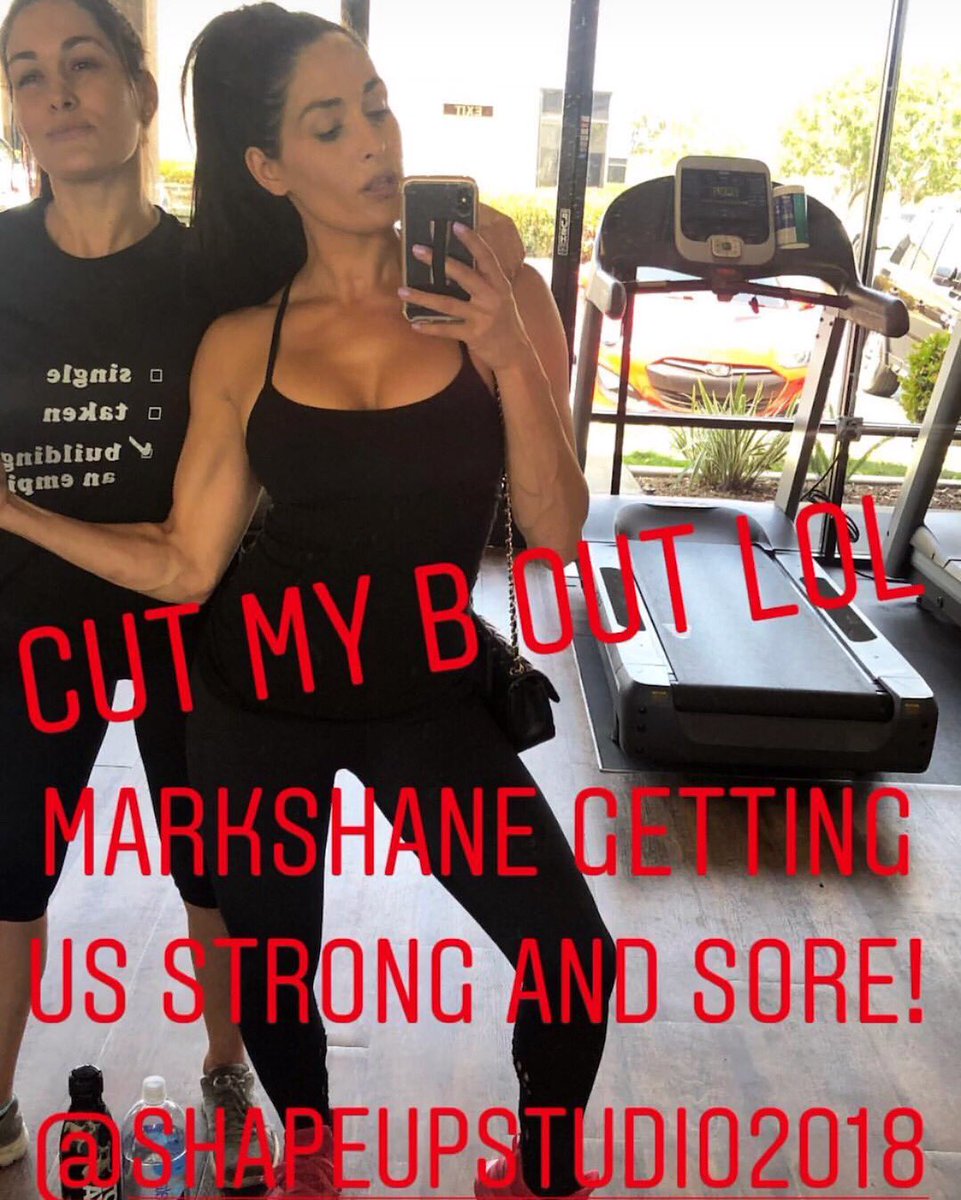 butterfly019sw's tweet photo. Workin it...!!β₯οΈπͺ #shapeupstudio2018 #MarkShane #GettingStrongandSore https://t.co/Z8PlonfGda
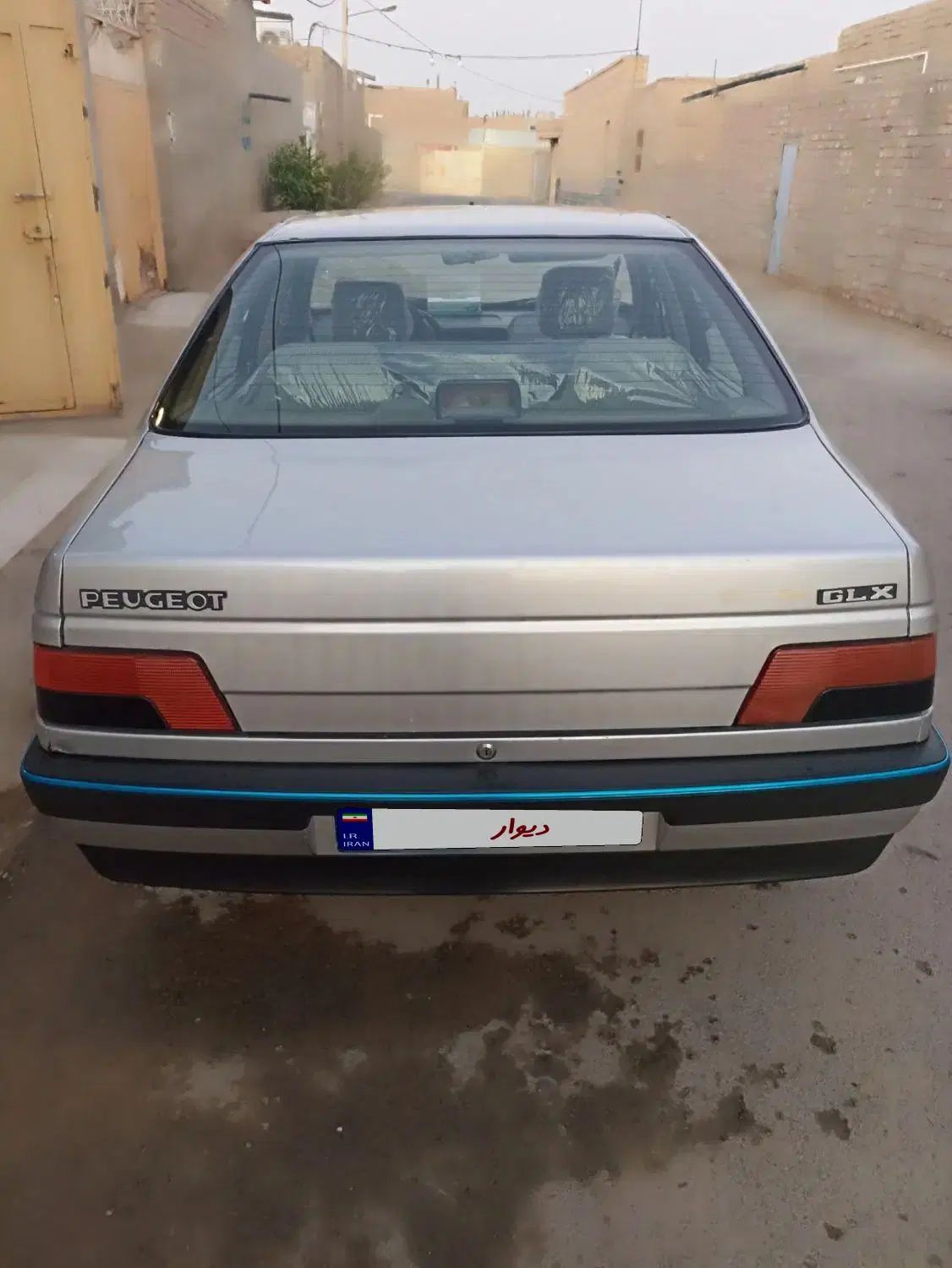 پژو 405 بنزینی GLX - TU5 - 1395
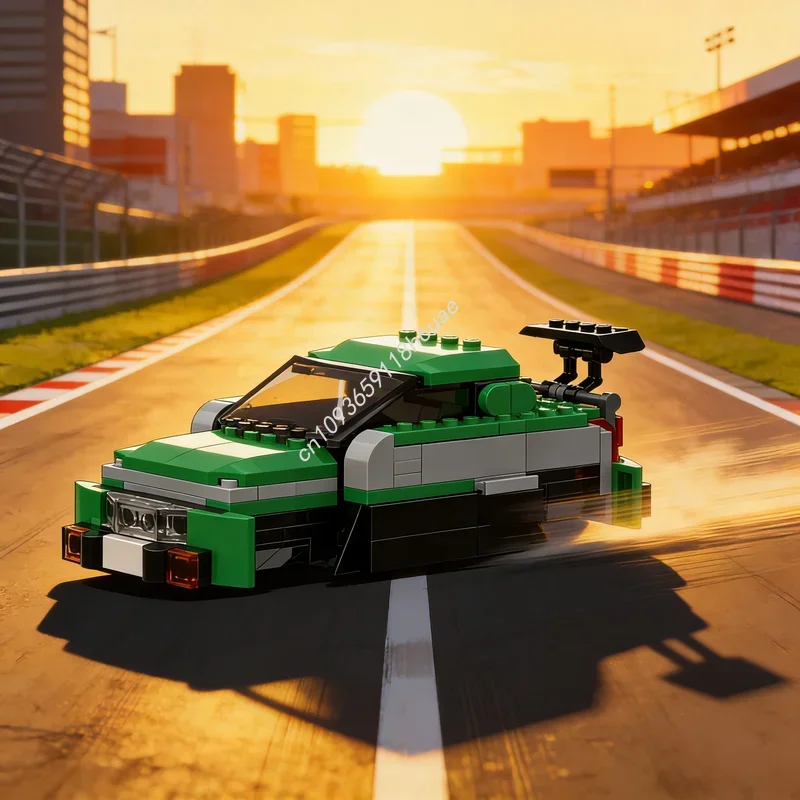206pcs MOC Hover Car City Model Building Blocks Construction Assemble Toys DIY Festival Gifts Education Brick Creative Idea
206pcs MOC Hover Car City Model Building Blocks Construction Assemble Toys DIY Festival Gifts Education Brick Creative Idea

- - - - - - -

• ABOUT THIS EXERCISE
Print only the lines from the line that contains "پژو 405 بنزینی GLX - TU5 - 1395" to the final line of the data, inclusive. Pictures stay out.

• RESULT OF THE TASK
 پژو 405 بنزینی GLX - TU5 - 1395
206pcs MOC Hover Car City Model Building Blocks Construction Assemble Toys DIY Festival Gifts Education Brick Creative Idea
206pcs MOC Hover Car City Model Building Blocks Construction Assemble Toys DIY Festival Gifts Education Brick Creative Idea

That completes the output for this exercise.